A quality control was first performed on the sequence reads in which low-quality bases were trimmed. In addition to that human and plant genome reads were identified, masked and duplicated reads were removed. Trimmomatic (version 0.33, parameters: ILLUMINACLIP:TruSeq3-PE-2.fa:2:30:10:8:true LEADING:20 TRAILING:20 SLIDINGWINDOW:3:15 MINLEN:60) tool was used to trim the raw reads to clip Illumina adapters and remove low-quality bases at both ends. Reads that were less than 60 bp in length were discarded after trimming. Lastly, the duplicate reads were removed by using PRINSEQ-lite (version 0.20.4, parameters: -derep 1). Paired reads that were not assigned to any human or plant genomes were only considered for downstream analysis.

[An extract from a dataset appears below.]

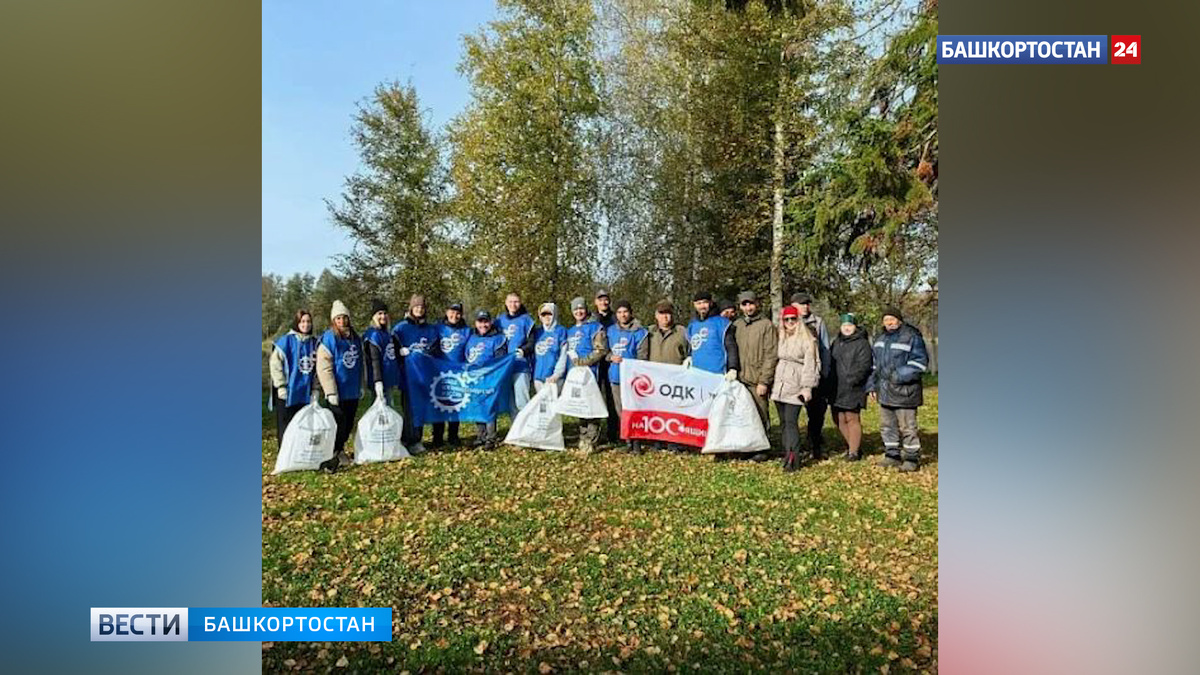    В Нуримановском районе Башкирии привели в порядок прибрежную зону озера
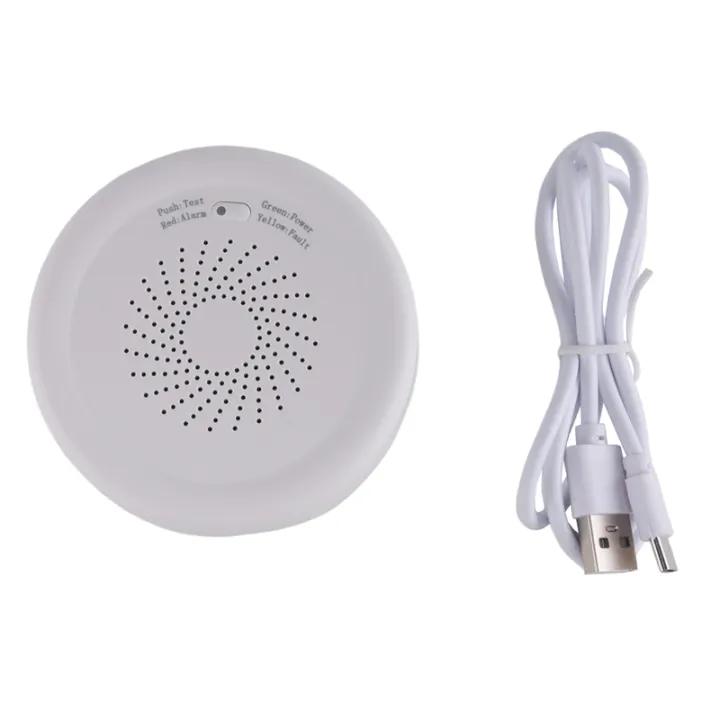 1Set Smart ZigBee Gas Leakage Detector Tuya Smart Home Security Alarm ...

Function prediction and abundance determination

The methodology as mentioned by Kishikawa et al. (2020)41 was used for functional annotation and abundance detection in keem metagenome in the present study. For this, MEGAHIT (version 1.1.2, parameters: –min-contig-len 135) was used for assembling filtered paired-end reads into contigs. For the prediction of Open Reading Frames (ORFs) present on the contigs, the gene finder tool MetageneMark (version 3.38, parameters: -a -k -f G). CD-HIT (version 4.7, parameters: -n 5 -c 0.95 -G 1 -aL 0.9 -aS 0.9 -g 1) was used for constructing a non-redundant ORF catalog that contained 42,581,555 microbial ORFs. Thereafter, the ORF catalog was annotated with two protein databases, UniRef90 and KEGG. In the UniRef90 database, prokaryotic, viral, and fungal data was selected. For KEGG genes, a database of prokaryote KEGG genes and MGENES was utilized. The putative amino acid sequences translated from the ORF catalog were aligned against both databases with DIAMOND using BLASTP (v0.9.4.105, parameters: f 6 -b 15.0–k 1 -e 1e-6 –subject-cover 50). For quantification of ORF abundance, we mapped the filtered paired-end reads to the assembled contigs using bowtie2 with default parameters (version 2.3.2). To avoid the bias of the gene size, the ORF abundance was defined as the depth of each ORF’s region of the ORF catalog according to the mapping result. Kraken and Krona Plots were used to represent the microbial diversity abundance using Pavian R package v1.0.0 whereas MG-RAST server was also used to perform functional metagenome analysis of keem metagenome.